Regression Basics

Read this chapter, which provides a general overview of regression. Focus on the Correlation and covariance section. How would you define correlation and covariance?

Simple regression and least squares method

Coefficient of Determination

If you use the sample mean to predict the amount of the price of ach apartment, your error is (y-\bar{y}) or each apartment. Squaring each error so that worries about signs are overcome, and then adding the squared errors together, gives you a measure of the total mistake you make if you want to predict y. Your total mistake is \Sigma(y-\bar{y})^{2}. The total mistake you make using the regression model would be \Sigma(y-\hat{y})^{2}. The difference between the mistakes, a raw measure of how much your prediction has improved, is \Sigma(\hat{y}-\bar{y})^{2}. To make this raw measure of the improvement meaningful, you need to compare it to one of the two measures of the total mistake. This means that there are two measures of "how good" your regression equation is. One compares the improvement to the mistakes still made with regression. The other compares the improvement to the mistakes that would be made if the mean was used to predict. The first is called an F-score because the sampling distribution of these measures follows the F-distribution, "F-test and One-Way ANOVA". he second is called R^{2}, or the coefficient of determination.

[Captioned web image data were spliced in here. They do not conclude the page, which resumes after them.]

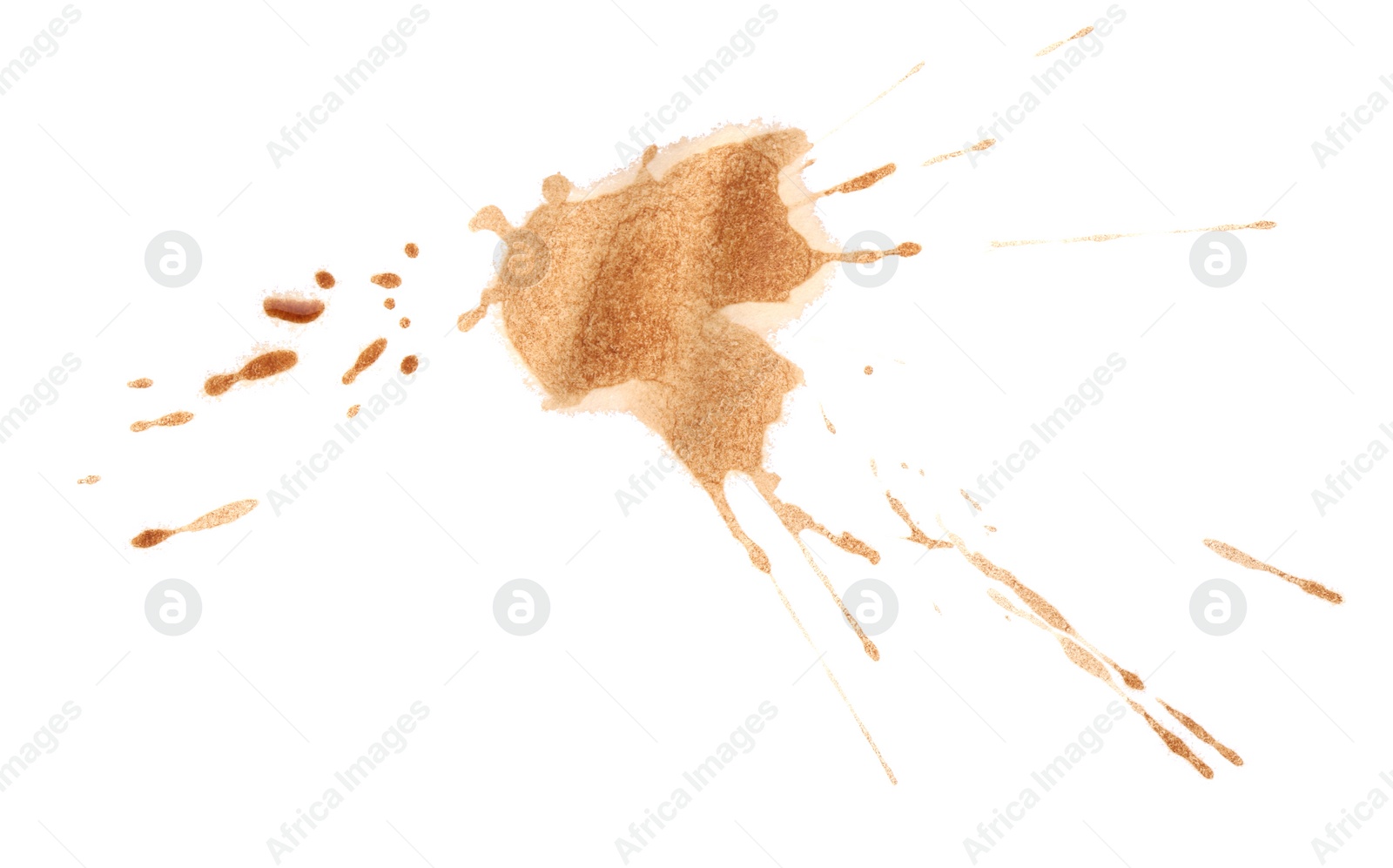 Photo of Dried coffee stain isolated on white, top view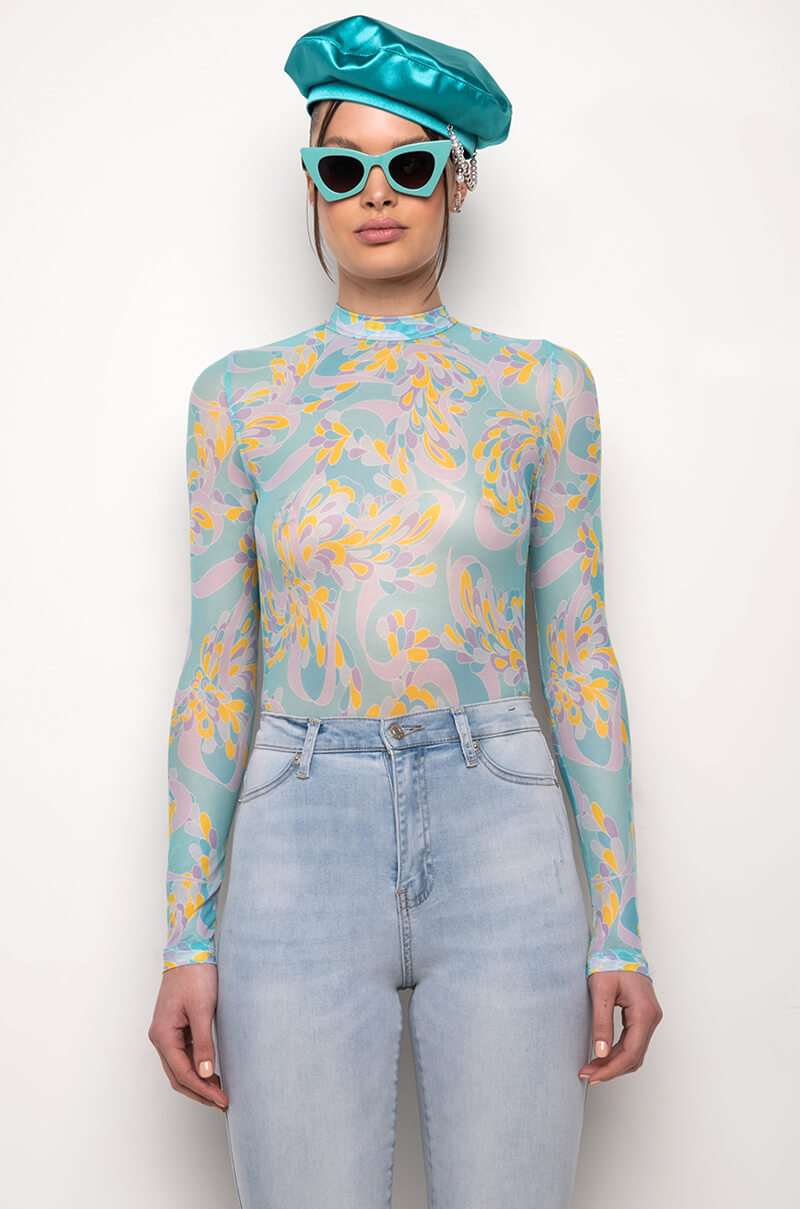 ONCE UPON A TIME LONG SLEEVE MOCK NECK MESH BODYSUIT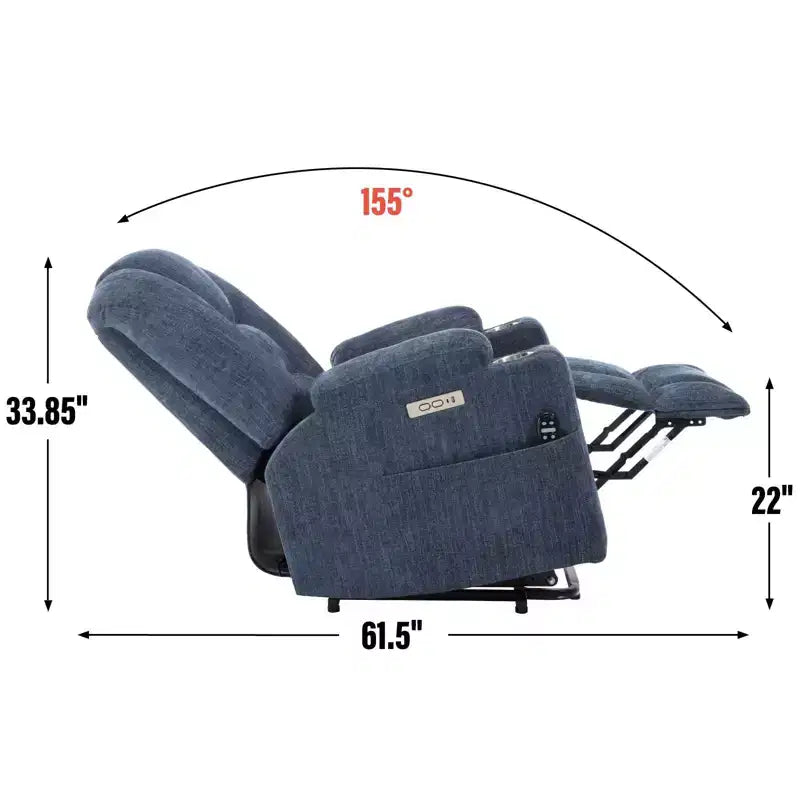 Fauteuil inclinable électrique grand format en chenille grise avec massage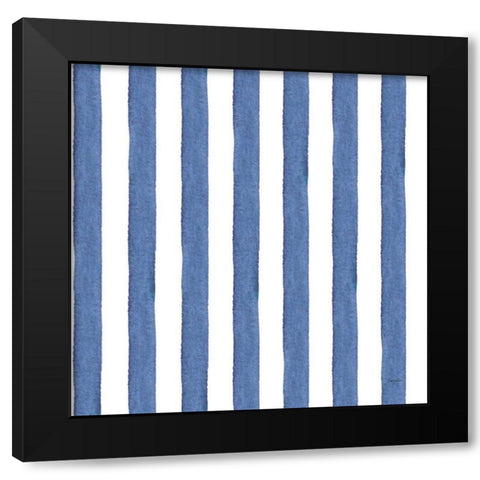 Delft Delight Pattern II Black Modern Wood Framed Art Print with Double Matting by Rice, Kristy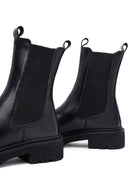 Kadın Siyah Kalın Tabanlı Deri Chelsea Bot | Derimod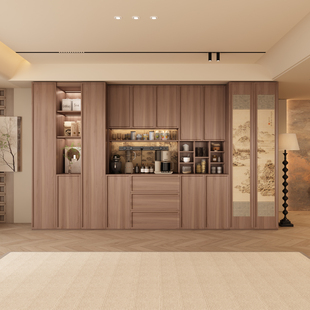 实木餐边柜靠墙一体储物柜宋式美学客厅多功中古能茶水柜酒柜定制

All of these mistakes and improvements have names, and talking about them will be easier once you know those names. The total mistake made using the sample mean to predict, \Sigma(y-\bar{y})^{2}, is called the sum of squares, total. The total mistake made using the regression, \Sigma(y-\hat{y})^{2}, is called the sum of squares, error (residual). The general improvement made by using regression, \Sigma(\hat{y}-\bar{y})^{2} is called the sum of squares, regression or sum of squares, model. You should be able to see that:

sum of squares, total = sum of squares, regression + sum of squares, error (residual)

\sum(y-\bar{y})^{2}=\sum(\hat{y}-\bar{y})^{2}+\sum(y-\hat{y})^{2}

In other words, the total variations in y can be partitioned into two sources: the explained variations and the unexplained variations. Further, we can rewrite the above equation as:

S S T=S S R+S S E

where SST stands for sum of squares due to total variations, SSR measures the sum of squares due to the estimated regression model that is explained by variable x, and SSE measures all the variations due to other factors excluded from the estimated model.

Going back to the idea of goodness of fit, one should be able to easily calculate the percentage of each variation with respect to the total variations. In particular, the strength of the estimated regression model can now be measured. Since we are interested in the explained part of the variations by the estimated model, we simply divide both sides of the above equation by SST, and we get:

S S T / S S T=S S R / S S T+S S E / S S T

We then isolate this equation for the explained proportion, also known as R-square:

R^{2}=1-S S E / S S T

Only in cases where an intercept is included in a simple regression model will the value of R^{2}be bounded between zero and one. The closer R2 is to one, the stronger the model is. Alternatively, R^{2} is also found by:

R^{2}=\frac{\sum \text { of Squares due to Regression }}{\sum \text { of Squares of Total }}

This is the ratio of the improvement made using the regression to the mistakes made using the mean. The numerator is the improvement regression makes over using the mean to predict; the denominator is the mistakes (errors) made using the mean. Thus R^{2} simply shows what proportion of the mistakes made using the mean are eliminated by using regression.

In the case of the market for one-bedroom apartments in Nelson, BC, the percentage of the variations in price for the apartments is estimated to be around 50%. This indicates that only half of the fluctuations in apartment prices with respect to the average price can be explained by the apartments' distance from downtown. The other 50% are not controlled (that is, they are unexplained) and are subject to further research. One typical approach is to add more relevant factors to the simple regression model. In this case, the estimated model is referred to as a multiple regression model.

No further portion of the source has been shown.